Pongamos como ejemplo una persona manejando. En algún momento esta persona ha aprendido cuando presionar el freno, cuando el embrague o el acelerador. Ha aprendido las marchas y también como activar los giros y luces. Esta persona ha adquirido todas estas habilidades en un proceso de aprendizaje. Ha tenido que usar la mente y enfocarla en este aprendizaje de nuevas técnicas que le permitirán manejar ese vehículo en un entorno desconocido.
Sin embargo, después de un tiempo, deja de ser consciente de lo que hace y solo fluye “siendo” y no “haciendo.
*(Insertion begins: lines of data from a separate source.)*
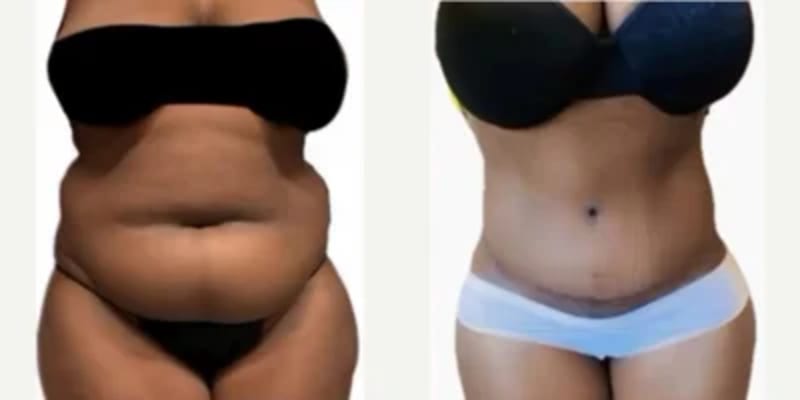 Mommy Makeover procedure image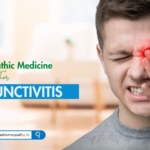 Homeopathic Medicine for Conjunctivitis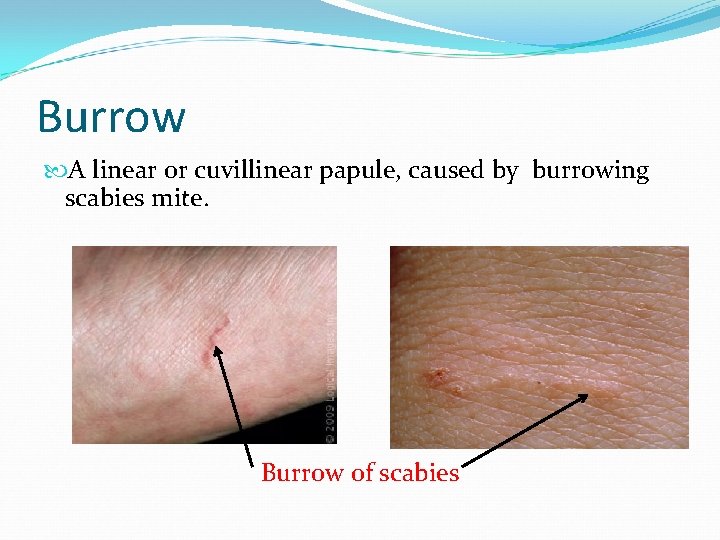 Burrow A linear or cuvillinear papule, caused by burrowing scabies mite. Burrow of scabies
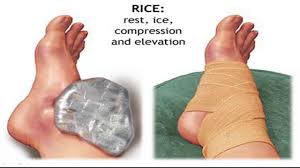 ankle sprain home treatment doctor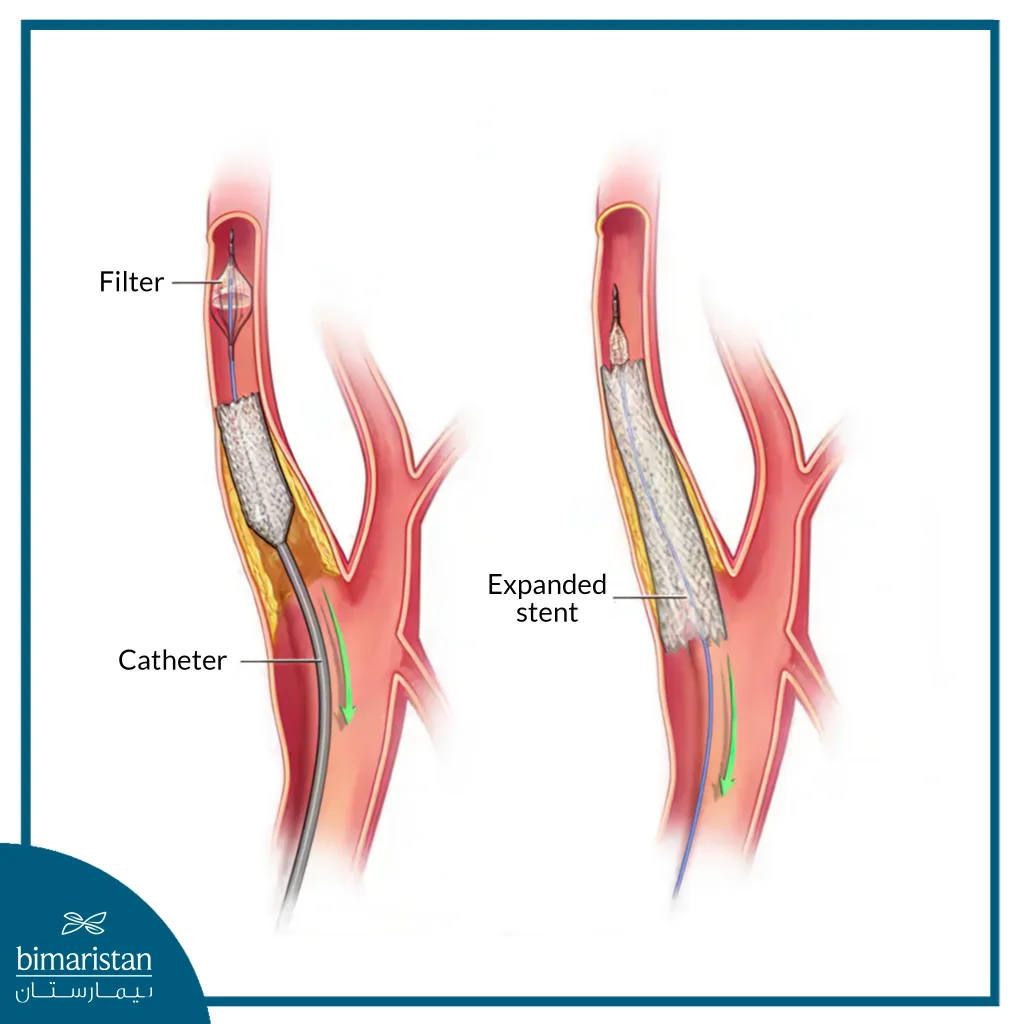 Illustration Of A Carotid Artery Surgery Using A Dilator Stent Procedure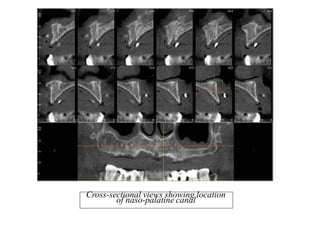 Cross-sectional views showing location
of naso-palatine canal
 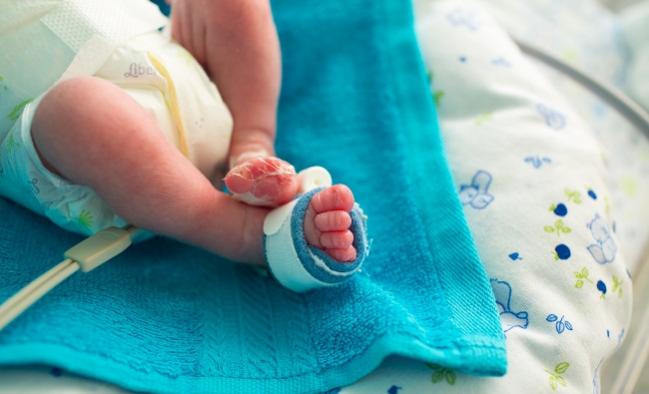 FDA Approves Pea-Sized Occluder for Patent Ductus Arteriosus in Premature Babies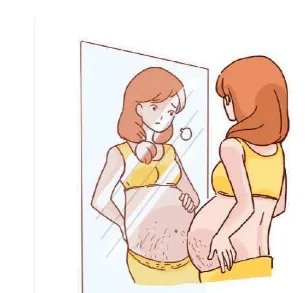 怎么就可以预防和治疗妊娠纹？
Esta es la base del zen.
Maneja por una calle con destino a su casa y no piensa en como pone las marchas o como acelera. No piensa ni pone atención en frenar o arrancar, ni en doblar. Solo tiene un objetivo y su cuerpo fluye hacia él. Las habilidades ya las ha adquirido y ha tenido que enfocarse para que esto suceda, pero una vez aprendidas, no necesita enfocarse más. El cuerpo mismo fluye sin enfocarse.
En la escalada es lo mismo. Un aprende técnicas y entrena el cuerpo para responder a diferentes tomas, diferentes estilos de escalada y cuando llega a la roca solo da un vistazo a la vía, planea en su cabeza los movimientos y se lanza a la vía. Si en el momento de la escalada enfocara su atención en algo en particular, dejaría su cuerpo y su mente de ser consciente de todo su entorno y se centraría solo en eso. Su todo(cuerpo, alma, espíritu) dejaría de estar 100% consciente del entorno para enfocarse en solo algo particular como una toma, o la caída, o el asegurador. Enfocarse elimina todos los sentidos para centrarse solo en uno; enfocarse solo hace que usemos un solo sentido y no todos al mismo tiempo. “Put nowhere, the mind will be everywhere.”
Perhaps. But, driving a car isn’t just like climbing, unless you drive really fast so as to be stressed. “Enfocarse elimina todos los sentidos para centrarse solo en uno” (Focusing only makes us use one sense and not all at the same time). I don’t understand this last sentence in your reply. I think you’re saying all senses (seeing, hearing, feeling, smelling, tasting) blend into using only one “sense” (sentidos)? If so, what is that “sense”? It seems like that needs to be clarified, perhaps using a different word than “sense.”